Re: [PATCH] mm: vmscan: memcg: Add global shrink priority

From: teawater <teawaterz@linux.alibaba.com>
To: Yafang Shao <laoar.shao@gmail.com>
Cc: Johannes Weiner <hannes@cmpxchg.org>,
	Michal Hocko <mhocko@kernel.org>,
	Vladimir Davydov <vdavydov.dev@gmail.com>,
	Andrew Morton <akpm@linux-foundation.org>,
	Roman Gushchin <guro@fb.com>, Shakeel Butt <shakeelb@google.com>,
	Chris Down <chris@chrisdown.name>,
	Yang Shi <yang.shi@linux.alibaba.com>, Tejun Heo <tj@kernel.org>,
	tglx@linutronix.de, LKML <linux-kernel@vger.kernel.org>,
	Cgroups <cgroups@vger.kernel.org>, Linux MM <linux-mm@kvack.org>
Subject: Re: [PATCH] mm: vmscan: memcg: Add global shrink priority
Date: Thu, 19 Dec 2019 17:04:27 +0800	[thread overview]
Message-ID: <23317BFD-8C0F-4CC7-A97B-DF339F83DCBA@linux.alibaba.com> (raw)
In-Reply-To: <CALOAHbCU2GHfupDRovk3Wvv=+qJr8sWO3tpu1upug=LM+VO1Og@mail.gmail.com>

> 在 2019年12月18日，18:47，Yafang Shao <laoar.shao@gmail.com> 写道：
> 
> On Wed, Dec 18, 2019 at 5:44 PM Hui Zhu <teawaterz@linux.alibaba.com> wrote:
>> 
>> Currently, memcg has some config to limit memory usage and config
>> the shrink behavior.
>> In the memory-constrained environment, put different priority tasks
>> into different cgroups with different memory limits to protect the
>> performance of the high priority tasks.  Because the global memory
>> shrink will affect the performance of all tasks.  The memory limit
>> cgroup can make shrink happen inside the cgroup.  Then it can decrease
>> the memory shrink of the high priority task to protect its performance.
>> 
>> But the memory footprint of the task is not static.  It will change as
>> the working pressure changes.  And the version changes will affect it too.
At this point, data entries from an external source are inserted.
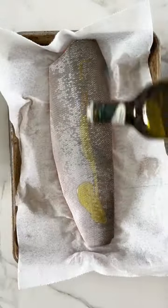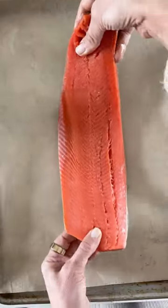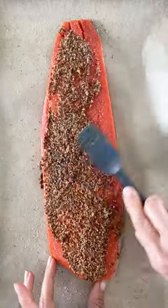If you want a delicious fish recipe that is impressive enough to serve to guests but easy enough for a weeknight, look no further than this pistachio crusted salmon. I used wild sockeye salmon here, but you can use any thick fish.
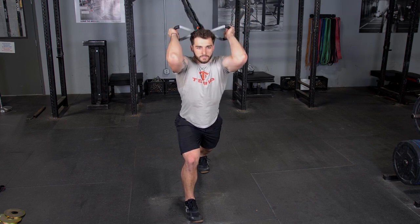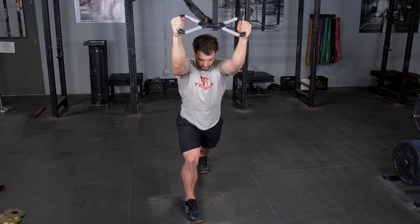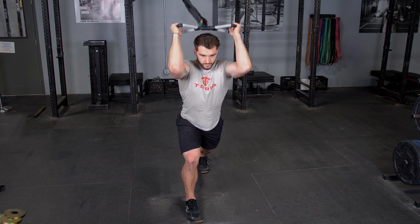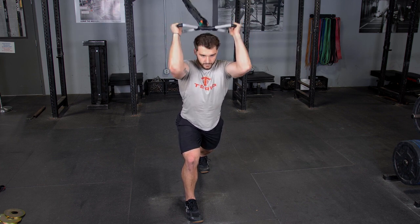The overhead triceps extension using the hammer grip with your T-grip max bar is an excellent tricep exercise. Begin by facing away from the anchor point of the bands, arms extended overhead, keeping your elbows tucked in.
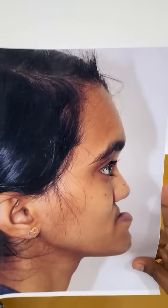I'm going to show you one more time the before and after. These changes can be done on both the upper and lower jaw, and the entire face. Thank you.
>> Then set the appropriate memory limit to decrease the global memory shrink
>> is a difficult job and lead to wasted memory or performance loss sometimes.
>> 
>> This commit adds global shrink priority to memcg to try to handle this
>> problem.
>> The default global shrink priority of each cgroup is DEF_PRIORITY.
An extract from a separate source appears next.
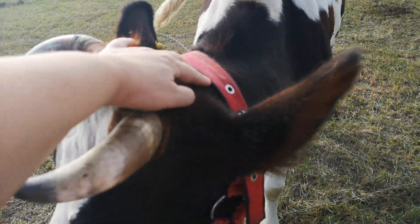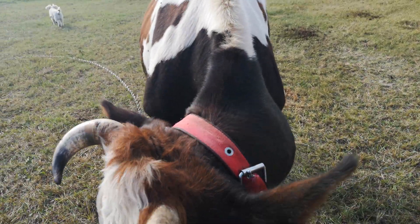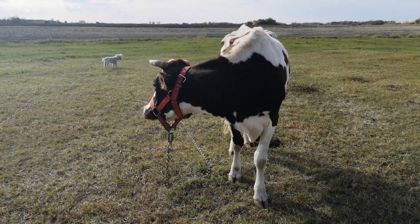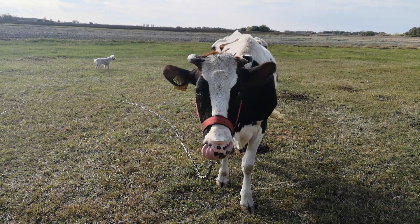Now being a Holstein she's much thinner and rangier than I would like any cow to be, but that's the nature of the breed sadly. They are skin and bones — milk machines, aren't you?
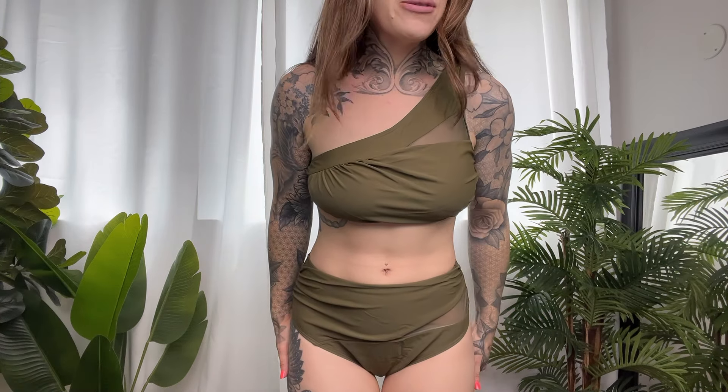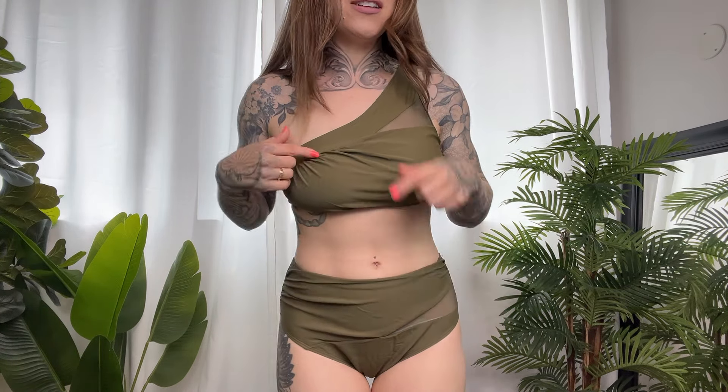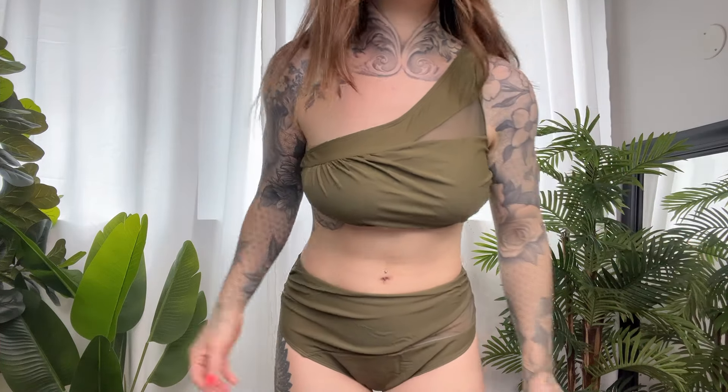Very cute, not too cheeky. They do have blue, black, pink, a lighter shade, and then this green of course. We've got this ruching detail right here and it is made of elastane and polyester.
>> Its behavior in global shrink is not changed.
>> And when global shrink priority of a cgroup is smaller than DEF_PRIORITY,
>> its memory will be shrink when memcg->global_shrink_priority greater than
>> or equal to sc->priority.
>> 
> 
> Just a kind reminder that sc->priority is really propotional, rather
> than priority.
> The relcaimer scans (total_size >> priority) pages at once.
> If the relcaimer can't relaim enough memory, it will decrease
> sc->priority and scan MEMCGs again until the sc->pirority drops to 0.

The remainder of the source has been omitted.